- Origin: Skövde, Sweden
- Genres: Rock, hard rock, heavy metal, power metal, neo-classical metal
- Years active: 1988–present
- Labels: Metal Blade
- Members: Tony Johansson – vocals; Thomas G:son – guitars; Marco Tapani – drums; Henrik Lundberg – bass;

= Masquerade (Swedish band) =

Swedish rock band

Masquerade are a Swedish rock band established in 1988. They released their debut album in 1992 and have since released four further albums.

== History ==
During their first two years, the band concentrated on writing music, rehearsing and performing live. In 1990, Masquerade recorded a promotional cassette and a single that was favorably reviewed in the English magazine Metal Hammer. After signing on with Empire Records, in early 1991 the band started recording their self-titled album. The record company brought the engineer Ronny Lahti (Saigon Kick, Europe, Talisman, Electric Boys, Clockwise) into the project for finalizing the mixing. The album was released in 1992 to positive reviews by critics, who found the album comparable to the music of bands like Whitesnake and Def Leppard.

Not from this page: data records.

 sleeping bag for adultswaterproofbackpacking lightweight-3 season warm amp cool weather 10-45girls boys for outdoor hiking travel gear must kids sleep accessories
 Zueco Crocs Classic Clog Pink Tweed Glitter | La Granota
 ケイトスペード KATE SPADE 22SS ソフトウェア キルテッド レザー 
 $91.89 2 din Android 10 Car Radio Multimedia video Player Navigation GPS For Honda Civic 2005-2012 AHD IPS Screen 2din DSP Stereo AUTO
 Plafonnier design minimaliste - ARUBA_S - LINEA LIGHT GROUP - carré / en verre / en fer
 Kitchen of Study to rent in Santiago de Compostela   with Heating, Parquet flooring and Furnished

After their first album tour, the band developed new material and began recording their new album Surface of Pain, again together with Ronny Lahti as the sound and mixing engineer. Released in 1995, the album was characterized by a heavier approach than the debut album and gained the band exposure to an American audience.

The band then worked together on the third album, Flux, with Fredrik Nordström, who had achieved success with the band HammerFall.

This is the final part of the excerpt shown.